Responses to the recent critical comments of Gerald Siegel to the demands and capacities model are given. A brief history of the model’s development is followed by direct explanations of its empirical support and logical development. It appears that Dr. Siegel may have referred only to one of our publications on the model. His concern about difficulties in measuring capacities is also addressed. Finally, the logic of the model is explicated and a misunderstanding regarding the use of direct therapy is clarified. © 2000 Elsevier Science Inc. Key Words: Stuttering; Demands; Capacities; Children; Prevention
We are pleased for this opportunity to respond to Dr. Siegel’s comments. Several aspects of the demands and capacities model are often misunderstood, and it is a valuable opportunity for us to respond to them. There appear to be two main concerns. One is that the word “capacities” may be too assumptive, when in fact only an aspect of performance is meant. The second concern is not directly addressed, but alludes to a discussion by Ingham and Cordes (1997) in which it is alleged that there is an error of logic in the model.
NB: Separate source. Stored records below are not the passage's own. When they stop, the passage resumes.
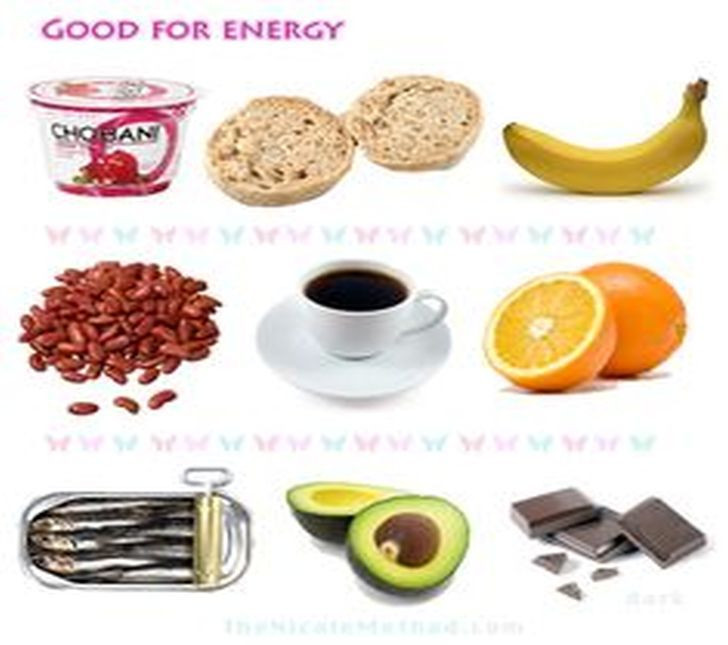 Healthy Snacks For Bodybuilders
 Get all the best information here good pre workout snacks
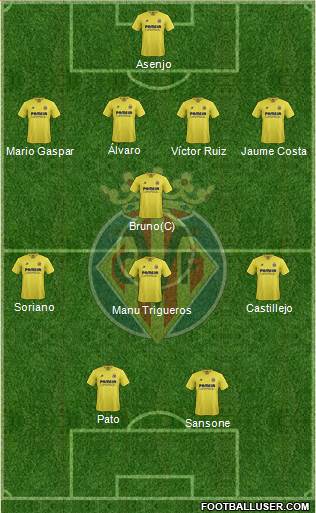 Villarreal C.F., S.A.D. Formation 2016
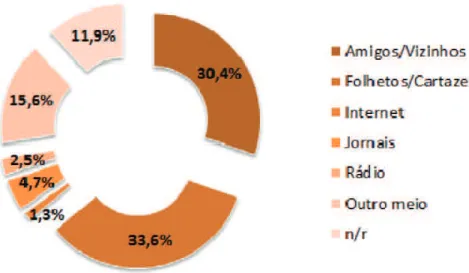 Figura 3 – Gráfico Como Obteve Conhecimento do OP 2014 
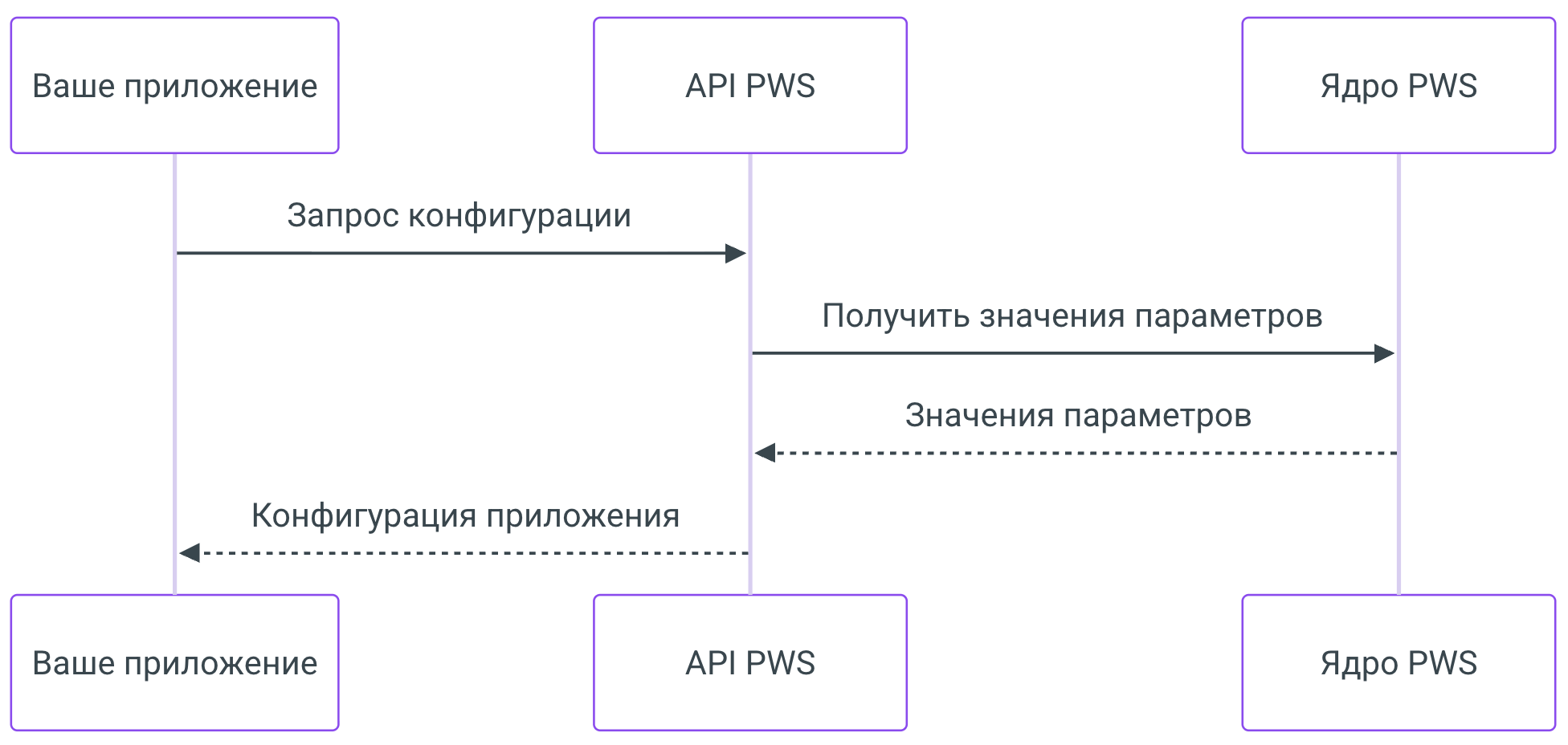 Схема показывает процесс работы с Remote config. Для других инструментов платформы сценарии могут незначительно отличаться.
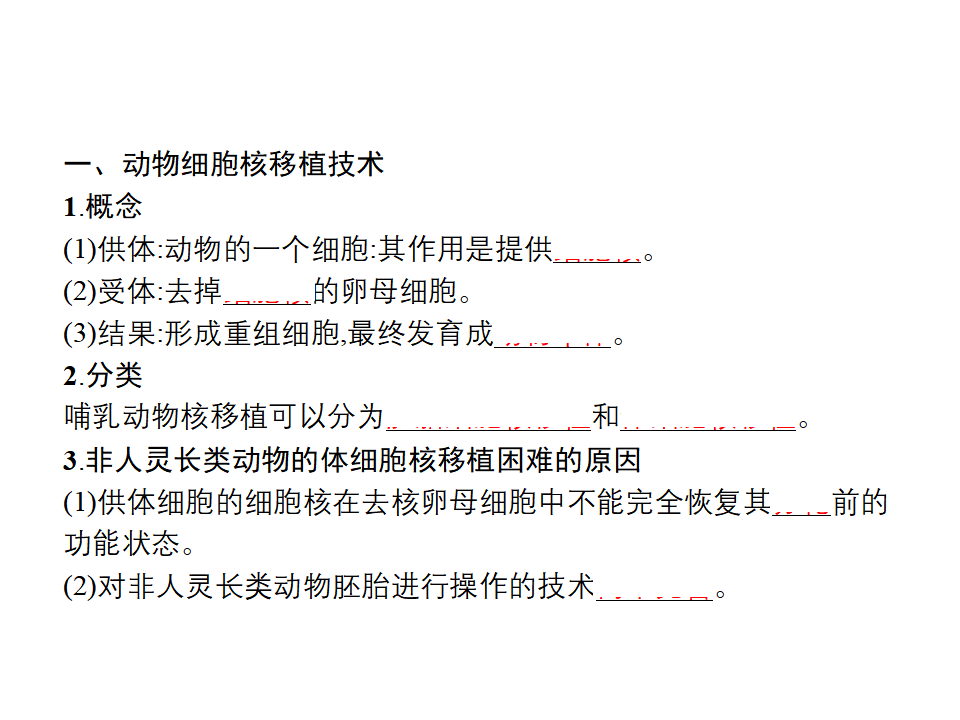 第2章　第2节　三　动物体细胞核移植技术和克隆动物_03.png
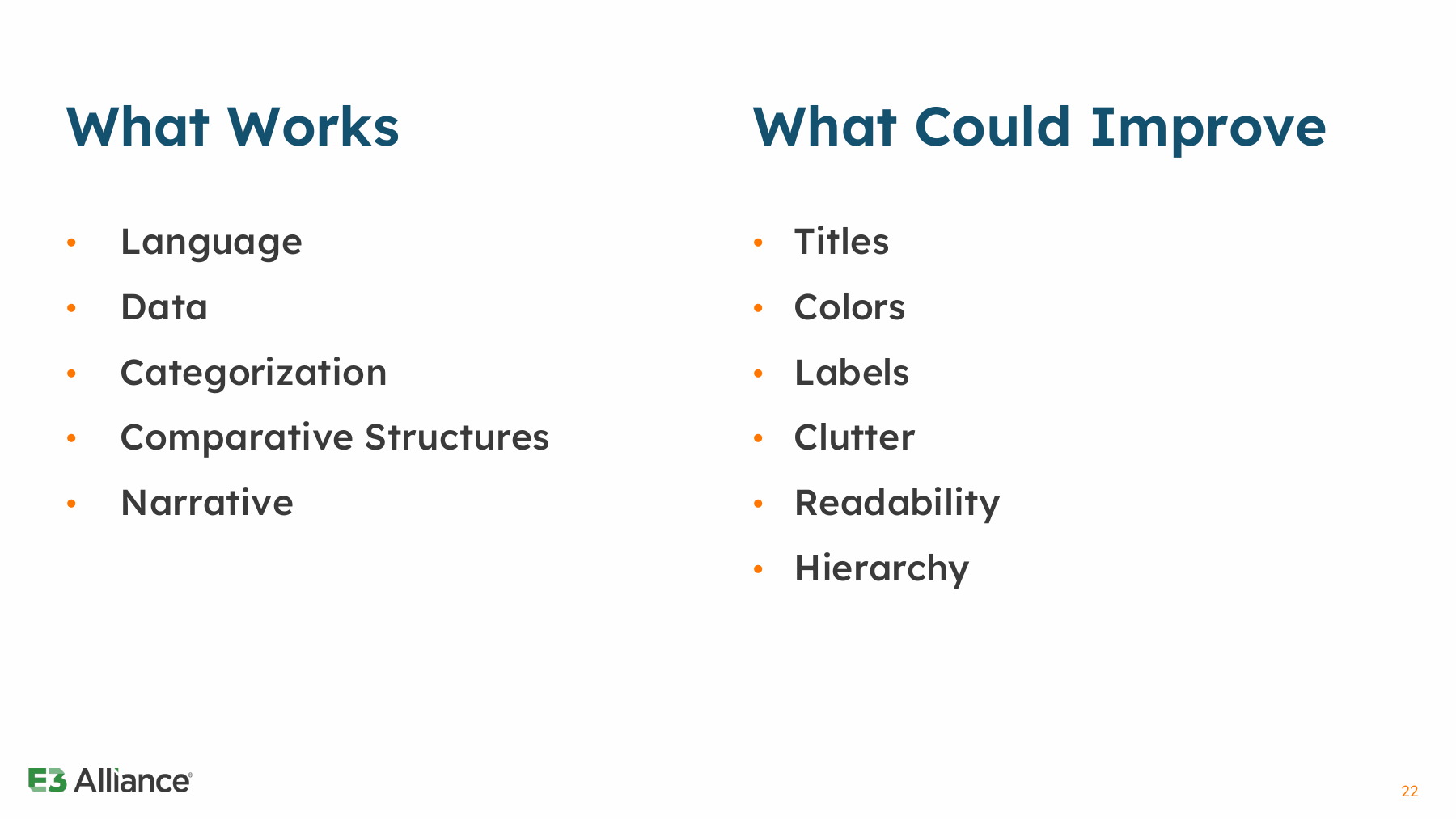 Analysis of the original graphs: preserve language, data, categories, comparisons, and narrative; improve titles, colors, labels, clutter, readability, and hierarchy.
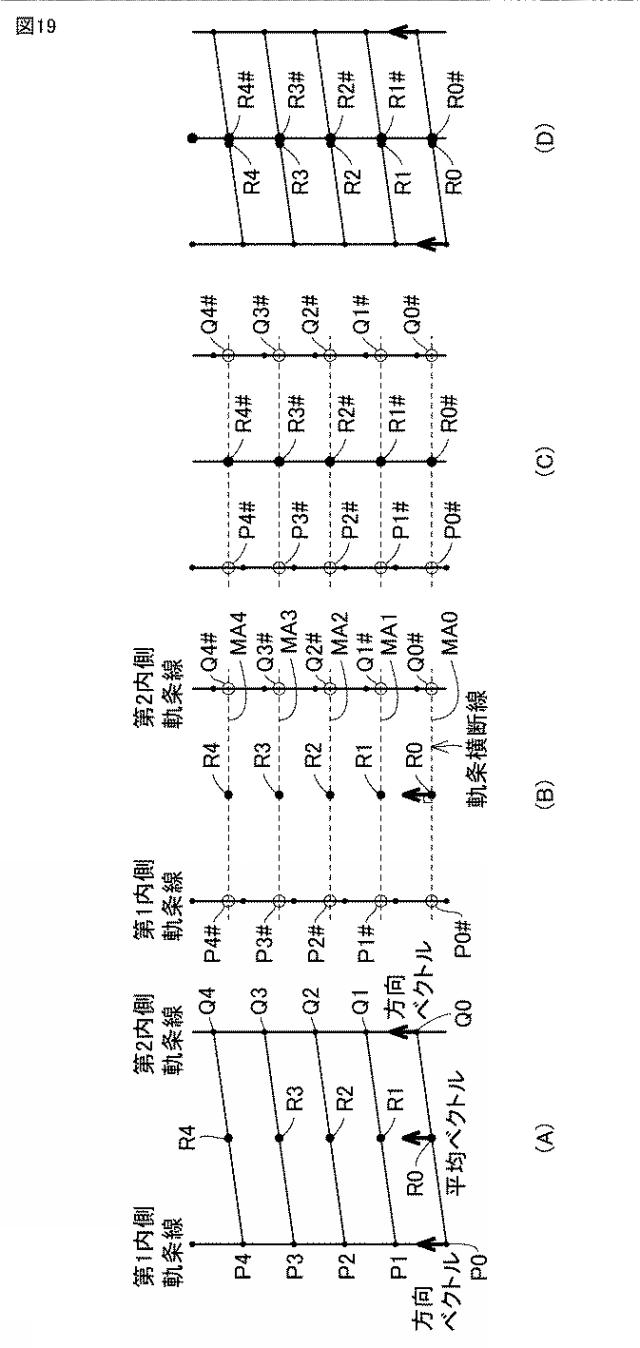 6829747-建築限界測定装置および建築限界測定方法 図000021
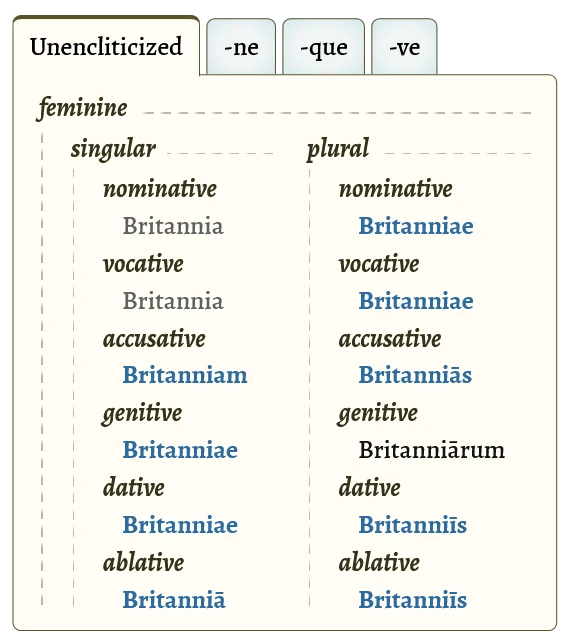 Declension chart (for Britannia, Britanniae) inside a tabs component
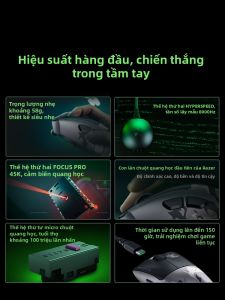 Razer | 8K Lightweight Gaming Professional Mouse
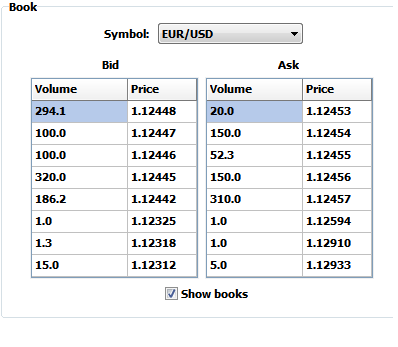 All About Forex Trading Trade On Real Forex Via Fix Api Protocol - 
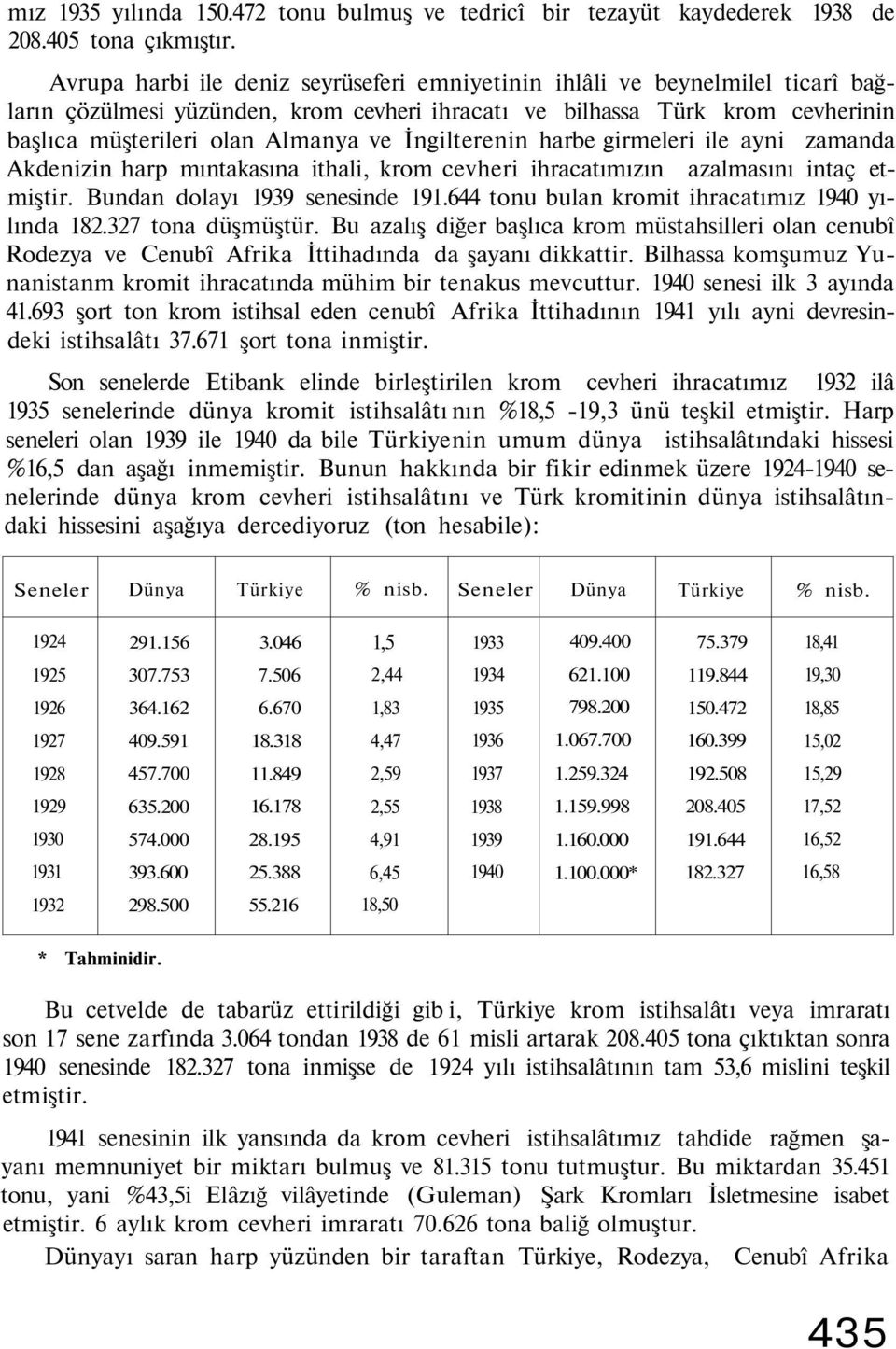 İngilterenin harbe girmeleri ile ayni zamanda Akdenizin harp mıntakasına ithali, krom cevheri ihracatımızın azalmasını intaç etmiştir. Bundan dolayı 1939 senesinde 191.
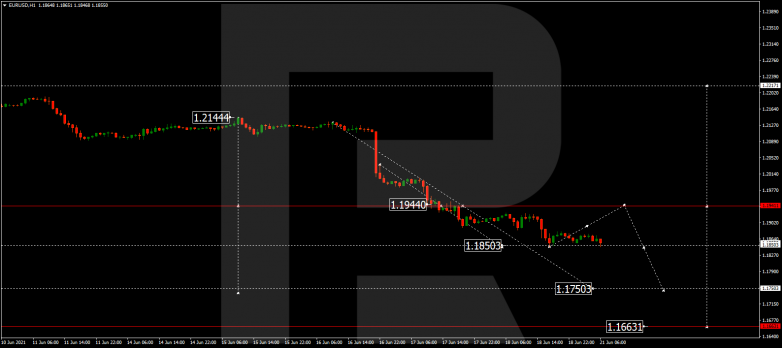 Технический анализ на 21.06.2021 EURUSD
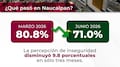 Naucalpan reduce percepción de inseguridad a 71% en junio de 2026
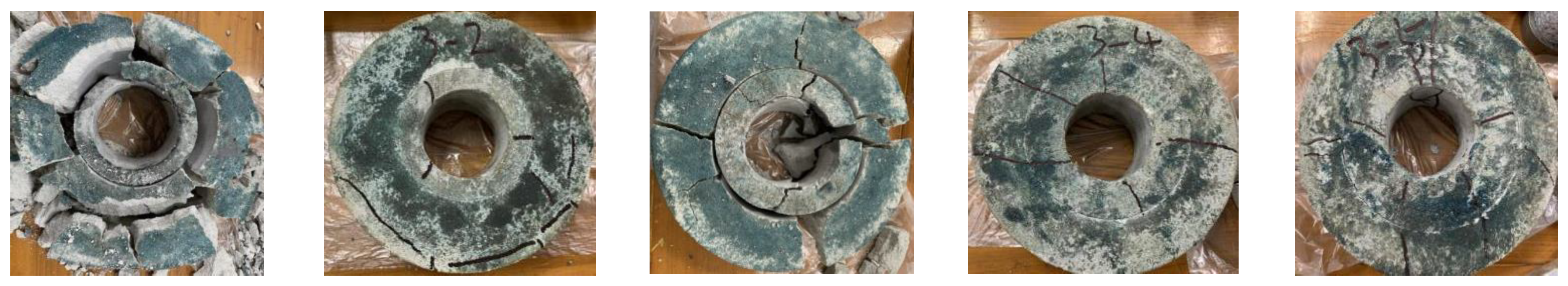 Sustainability 15 04410 g020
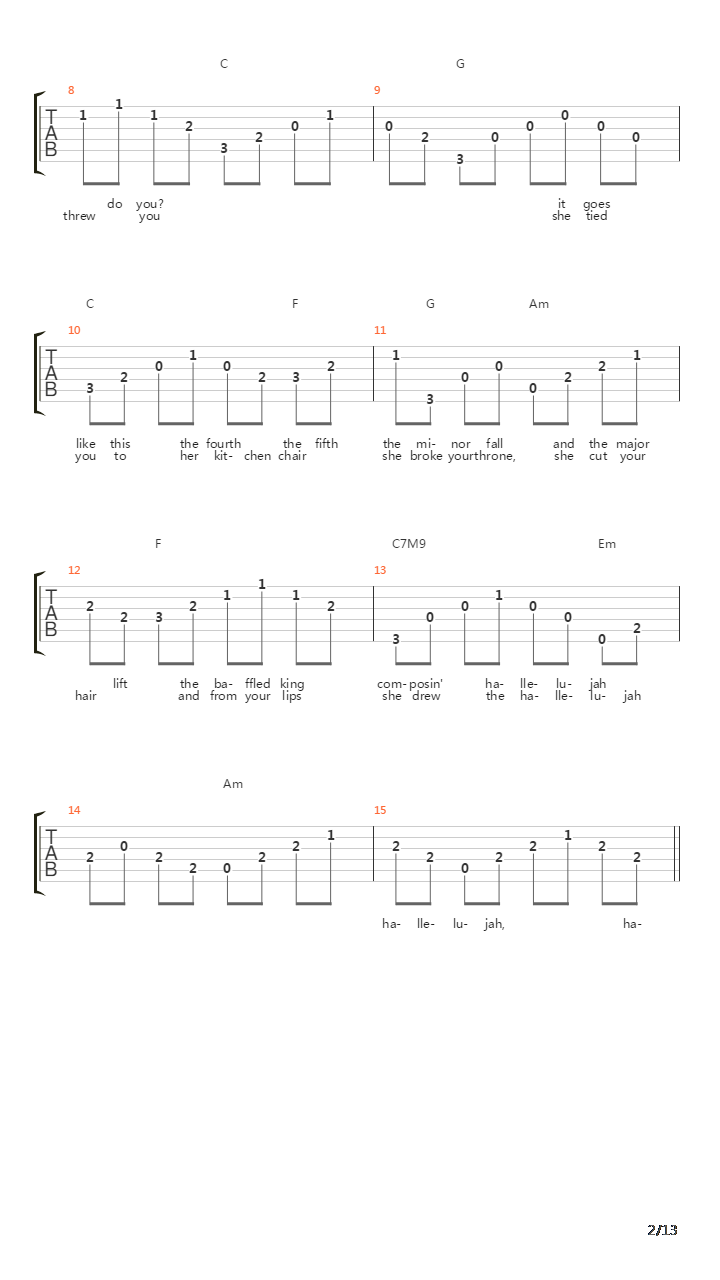 Hallelujah吉他谱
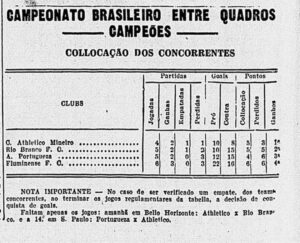 recortes de jornais atlético mineiro campeão 1937
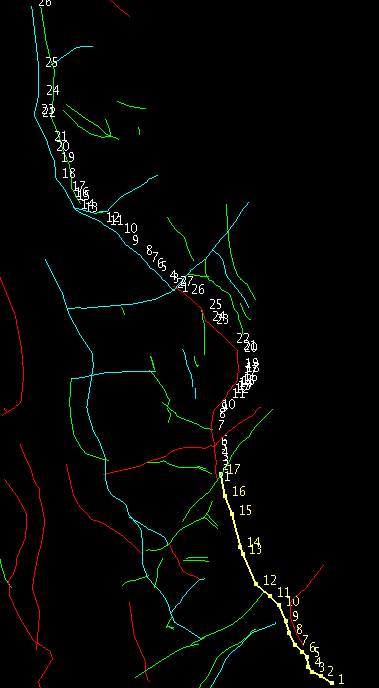 Fault Design Data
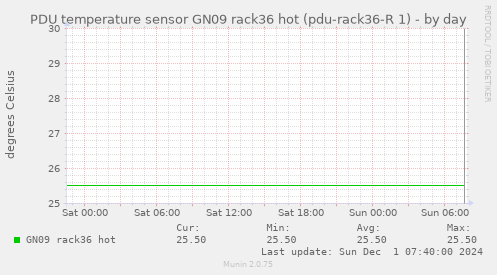 PDU temperature sensor GN09 rack36 hot (pdu-rack36-R 1)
The model was developed in response to E. O. Wilson’s book Sociobiology (1975) and was an attempt to understand the interactions between genetics and environment in the development of stuttering. The interactions between genetics and environment are complex, and Wilson has spelled them out in more detail in a recent book (Consilience, 1998). It is not simply that a behavior is inherited and then either expressed or not, depending on the state of the environment. Instead, general tendencies to respond in certain ways, or to perceive in certain ways, or to be constrained in behavior in certain dimensions are inherited. These tendencies then find more or less expression according to the environmental circumstances of the organism. Thus, there is a continuing dynamic interaction between genetics and environment, and this is the kind of interactive process that the demands and capacities model expresses with regard to stuttering development. Address correspondence to Dr. C. W. Starkweather, 3615 Hamilton St., Philadelphia, PA 19104, U.S.A.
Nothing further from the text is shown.